- **Assigned task**:
Transcribe the listing below only from the line with "Polo shirt blanca" up to and including the line with "#1 Deck Premium".

Data in this exercise Start Marker

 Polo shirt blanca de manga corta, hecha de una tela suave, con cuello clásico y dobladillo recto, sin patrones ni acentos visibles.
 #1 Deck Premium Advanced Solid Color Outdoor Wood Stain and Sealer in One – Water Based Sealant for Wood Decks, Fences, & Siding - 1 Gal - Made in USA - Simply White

Data in this exercise End Marker
Data in this exercise Start Marker

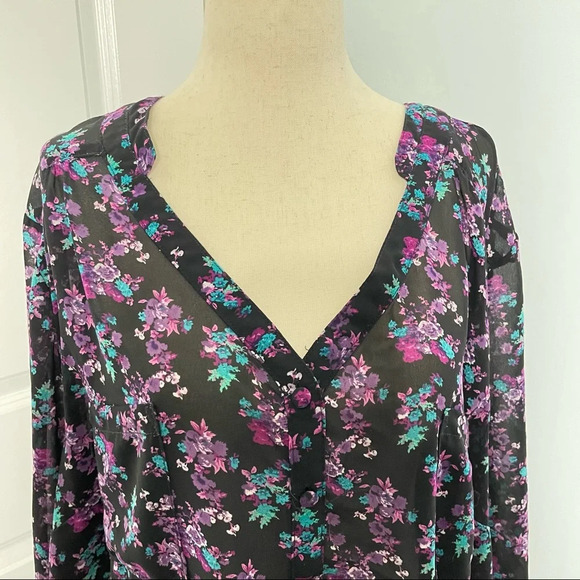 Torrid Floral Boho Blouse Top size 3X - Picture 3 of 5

Data in this exercise End Marker
Data in this exercise Start Marker

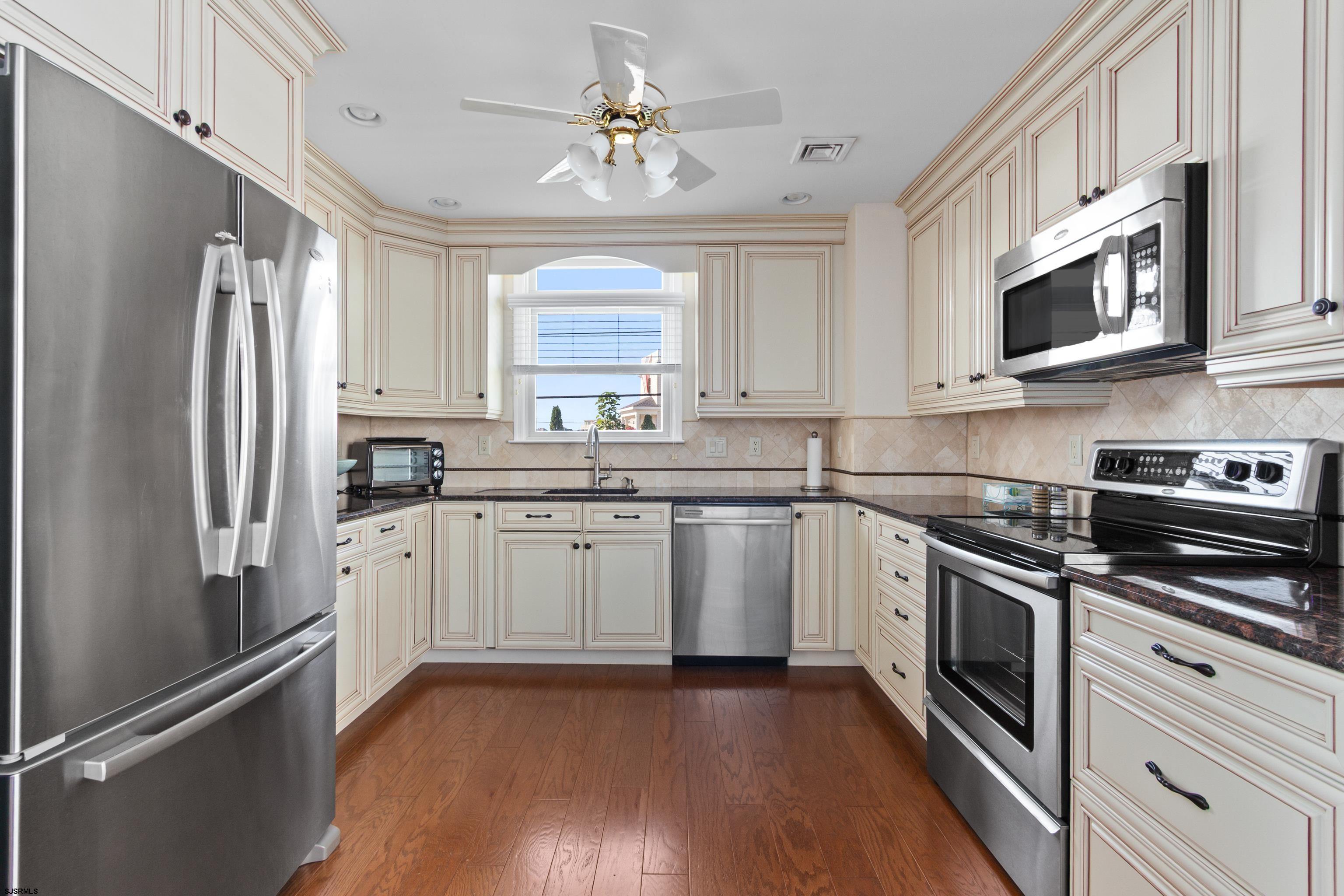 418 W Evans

Data in this exercise End Marker

- **Answer to this task**:
 Polo shirt blanca de manga corta, hecha de una tela suave, con cuello clásico y dobladillo recto, sin patrones ni acentos visibles.
 #1 Deck Premium Advanced Solid Color Outdoor Wood Stain and Sealer in One – Water Based Sealant for Wood Decks, Fences, & Siding - 1 Gal - Made in USA - Simply White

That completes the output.